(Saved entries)
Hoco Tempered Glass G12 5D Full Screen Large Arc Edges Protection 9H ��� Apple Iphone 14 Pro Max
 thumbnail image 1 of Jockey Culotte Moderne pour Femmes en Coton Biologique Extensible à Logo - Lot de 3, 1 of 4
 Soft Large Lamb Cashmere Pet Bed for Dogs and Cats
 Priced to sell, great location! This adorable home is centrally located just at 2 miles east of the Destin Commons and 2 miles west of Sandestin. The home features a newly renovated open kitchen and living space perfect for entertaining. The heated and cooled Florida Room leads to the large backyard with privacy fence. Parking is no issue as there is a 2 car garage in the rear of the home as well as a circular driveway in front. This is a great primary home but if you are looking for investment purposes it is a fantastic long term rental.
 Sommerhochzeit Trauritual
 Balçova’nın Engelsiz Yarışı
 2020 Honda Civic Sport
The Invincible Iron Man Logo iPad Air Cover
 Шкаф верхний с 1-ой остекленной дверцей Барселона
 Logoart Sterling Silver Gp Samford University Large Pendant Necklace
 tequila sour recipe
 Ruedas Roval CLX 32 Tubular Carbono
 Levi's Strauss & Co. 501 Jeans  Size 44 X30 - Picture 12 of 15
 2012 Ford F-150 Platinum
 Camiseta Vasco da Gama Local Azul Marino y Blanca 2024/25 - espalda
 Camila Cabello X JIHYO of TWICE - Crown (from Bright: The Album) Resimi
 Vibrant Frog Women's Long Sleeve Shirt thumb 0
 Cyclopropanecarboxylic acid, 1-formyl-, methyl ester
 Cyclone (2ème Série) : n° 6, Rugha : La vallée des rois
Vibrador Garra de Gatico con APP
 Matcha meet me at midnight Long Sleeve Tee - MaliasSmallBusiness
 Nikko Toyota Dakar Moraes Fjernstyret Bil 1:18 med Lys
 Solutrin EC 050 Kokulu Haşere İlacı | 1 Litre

*ABOUT THIS TASK*: Print out each record above exactly, with nothing omitted.

*EXERCISE ANSWER*:
Hoco Tempered Glass G12 5D Full Screen Large Arc Edges Protection 9H ��� Apple Iphone 14 Pro Max
 thumbnail image 1 of Jockey Culotte Moderne pour Femmes en Coton Biologique Extensible à Logo - Lot de 3, 1 of 4
 Soft Large Lamb Cashmere Pet Bed for Dogs and Cats
 Priced to sell, great location! This adorable home is centrally located just at 2 miles east of the Destin Commons and 2 miles west of Sandestin. The home features a newly renovated open kitchen and living space perfect for entertaining. The heated and cooled Florida Room leads to the large backyard with privacy fence. Parking is no issue as there is a 2 car garage in the rear of the home as well as a circular driveway in front. This is a great primary home but if you are looking for investment purposes it is a fantastic long term rental.
 Sommerhochzeit Trauritual
 Balçova’nın Engelsiz Yarışı
 2020 Honda Civic Sport
The Invincible Iron Man Logo iPad Air Cover
 Шкаф верхний с 1-ой остекленной дверцей Барселона
 Logoart Sterling Silver Gp Samford University Large Pendant Necklace
 tequila sour recipe
 Ruedas Roval CLX 32 Tubular Carbono
 Levi's Strauss & Co. 501 Jeans  Size 44 X30 - Picture 12 of 15
 2012 Ford F-150 Platinum
 Camiseta Vasco da Gama Local Azul Marino y Blanca 2024/25 - espalda
 Camila Cabello X JIHYO of TWICE - Crown (from Bright: The Album) Resimi
 Vibrant Frog Women's Long Sleeve Shirt thumb 0
 Cyclopropanecarboxylic acid, 1-formyl-, methyl ester
 Cyclone (2ème Série) : n° 6, Rugha : La vallée des rois
Vibrador Garra de Gatico con APP
 Matcha meet me at midnight Long Sleeve Tee - MaliasSmallBusiness
 Nikko Toyota Dakar Moraes Fjernstyret Bil 1:18 med Lys
 Solutrin EC 050 Kokulu Haşere İlacı | 1 Litre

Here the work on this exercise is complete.